■酷暑のデーゲーム[ジェフレディースvsASエルフィン狭山(5月31日)]
“温暖化”って言葉が盛んに取り沙汰されるようになって、どれくらい経ちますかね。20年くらいでしょうか。少なくともアラフォーオヤジのワタクシが扶養家族下にあった頃には存在していなかったような。ともかく暑いのですよ。この試合が行われたのは5月31日。末日とはいえ5月ですよ。薫風が香って、若葉が芽吹く、そんな“うららか”でなければならない季節ですよね、5月って。それが30℃を超えようかってくらいに暑い。
そんな日に13時30分とかにキックオフするものだから、選手はヘロヘロ。なんてことを愚痴ってるということは、「プレーヤーファーストの観点から、ナイトマッチにすべきだ!」とか主張しそうでしょ? いやいやいや、それが、そんな主張はしないのです。うっかり筆にまかせて、そんな主張をしてしまったら、その日から、ワタクシ、クレーマーの仲間入りを果たしてしまいますからね。そこは慎重なのです。
というのも、ナイトマッチで開催しようとすれば、ナイター照明のあるグランドを借りなければならなくなる。その時点でグランド使用料が跳ね上がる。加えて照明使用料ですからね。なでしこリーグのクラブには、財政的にしんどい。なでしこをにも潤沢なスポンサーがついて、かつ、入場料売り上げも伸びれば、そのあたりは解決される。なので、このクソ暑い中で奮闘している選手たちを見て、「まずはスタジアムに出かけて、枯れ木も山の賑わいとして貢献しよう!」との思いを新たにした次第です。
■ねづっち[東京Vvs山形(7月5日)]
この日の試合では、珍しくハーフタイムショーがありました。そこで登場したのは「ねづっち」。謎かけで一躍、時の人になった、あの芸人さんです。なんでも日野市出身だそうで。ちなみに日野市はヴェルディのホームタウン。
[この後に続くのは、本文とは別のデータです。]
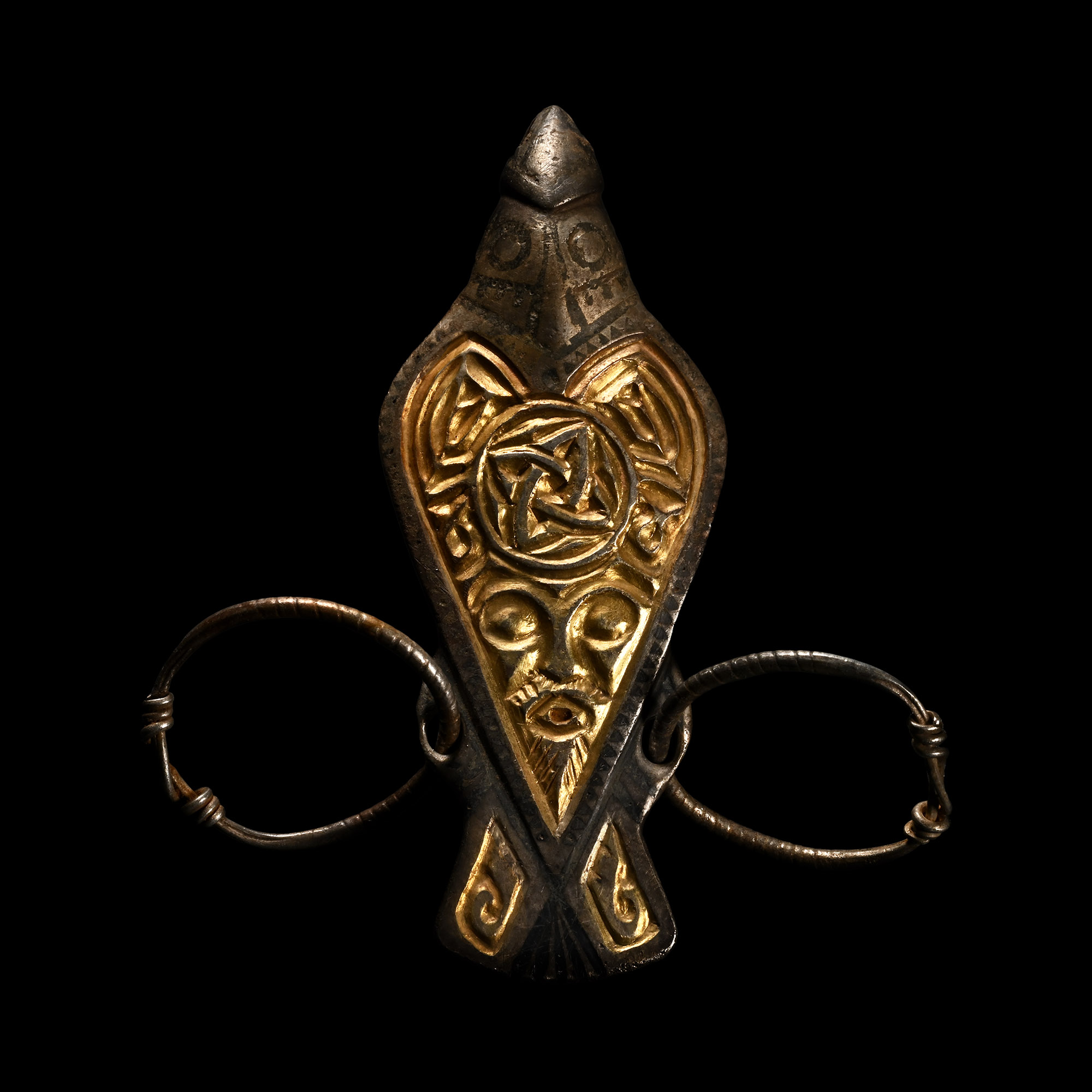 Viking Silver-Gilt Bird Pendant with Bearded Mask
試合前イベントだと、どうしてもガラガラのメインスタンドを相手にしなければならないので、多くのサポーターにお楽しみいただくべくゴール裏前で余興を開催しようとすれば、こういう形になる。それにしても、ねづっち、か。等々力での西城秀樹登場以来の衝撃かもしれない。
当然、ねづっちですから、やることは決まっております。そうですね、「謎かけ」ですね。「整いました〜」っていう、アレです。この日は5題くらい整えていましたでしょうか。上手いものから微妙なものまで。ねづっちブームの頃、千原ジュニアが展開していた理論があって、それは「ねづっちの偉大さは謎かけのテクニックというより、『ねづっちです!』という決め言葉の発明である」というものだったのですが、改めて、それを実感しました。
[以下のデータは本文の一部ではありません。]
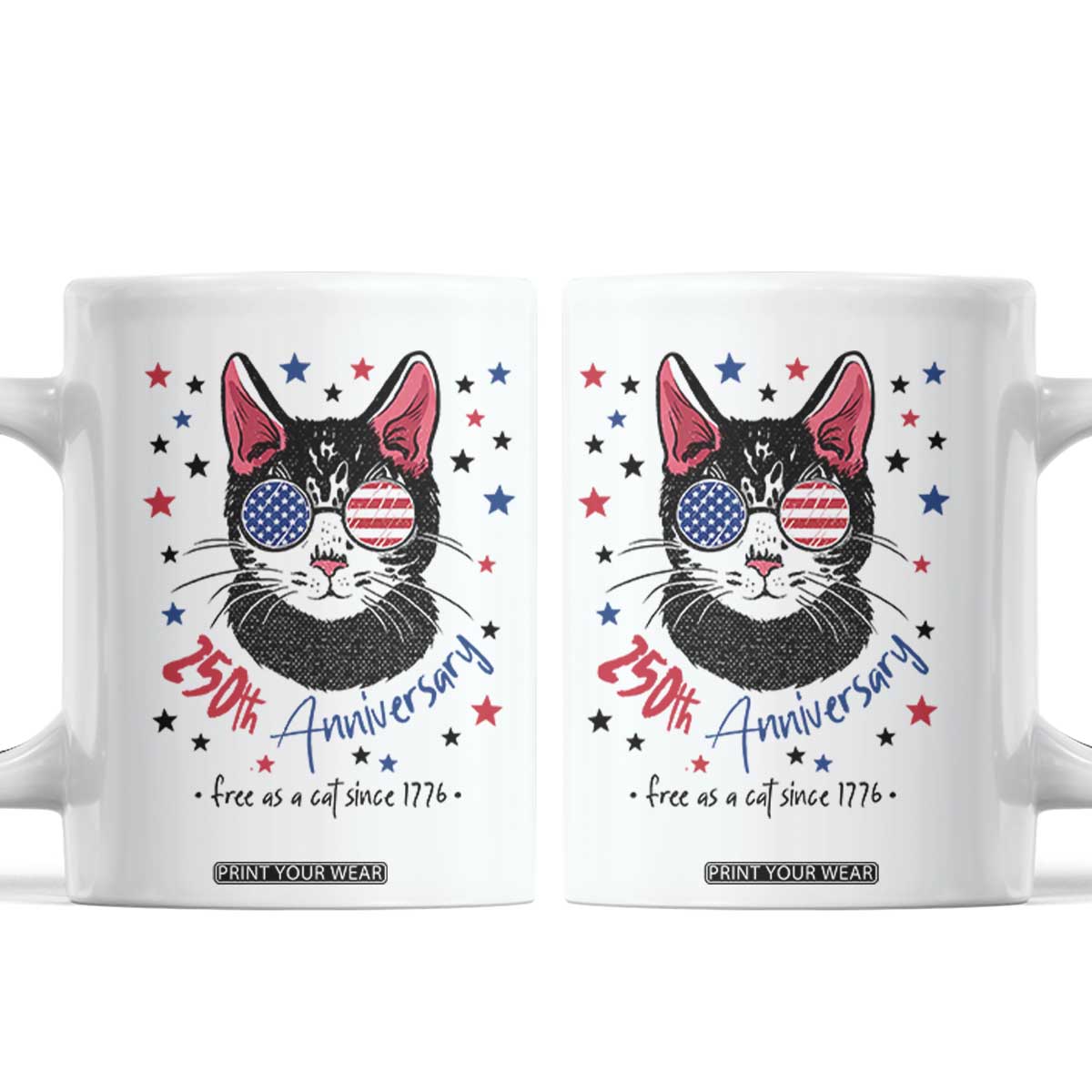 Free As A Cat Since 1776 Funny Patriotic Coffee Mug Cool American Flag Sunglasses Cat 250th Anniversary Semiquincentennial TS02 White Print Your Wear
ただ、ねづっちは、単に「『ねづっちです!』といったら笑うタイミングですよ〜」という方程式にだけ頼っているわけではなさそう。それだけなら、天津木村のように、もっと急速に商品価値を落としていくでしょう。なんというか、鉄板の営業力を誇っているのですよ。ネタとネタの間の繋ぎの何気ない一言で客の注目を逸らさない、というか。コアなお笑い好き以外にも届く術を有しているというか。このあたりは浅草演芸会の誇る伝統芸の底力かもしれません。
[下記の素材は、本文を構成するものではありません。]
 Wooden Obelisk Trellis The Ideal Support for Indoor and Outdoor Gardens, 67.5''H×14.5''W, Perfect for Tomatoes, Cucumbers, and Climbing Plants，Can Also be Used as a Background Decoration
■3421について[東京Vvs群馬(11月15日)]
ある意味、Jリーグって、とてもガラパゴスなサッカーリーグだと考えるのですが、その典型的な現象が、近年の3421ブームではないでしょうか。発端はペトロビッチが広島で415ありきの3421を成功させたことでしょうか。ミシャさんはそれをそのまま浦和でも導入して上手くいっているわけですから、まあ、日本人との相性が悪くないシステムなのでしょう。それ以来、415にするかどうかはともあれ、多くのチームが3421を取り入れている。
3421のメリットとしては、何よりも1トップ2シャドーが真ん中に3人して近い距離感でプレーできるところでしょう。基本的に日本人のメンタリティとか、フィジカルとかを踏まえると「サイドを独力で突破せよ!」ってのは向かない。少なくとも育成年代の指導者の大多数が、そのようなチーム作りをするっていう状況は考えづらい。やはり、アジリティーと正確な技術とコンビネーションを伸ばすチーム作りをすると思われる。そういった風土を踏まえると真ん中に3人いるというのは、とても合理的です。
ただ、3421を取り入れようとした少なくないチームが、志半ばで、それを断念している。というのも、このシステムって、機能させるには、それなりの条件がある。一言でいうと、1トップの部分ですね。それは4231でも同じかと思いますが、結局、ポストプレーをこなせて、かつ得点感覚に秀でたストライカーがいないことには機能しづらいのですよ。逆にいうと、平本というタレントを擁するヴェルディが3421を採用するのは合理的なような気がします。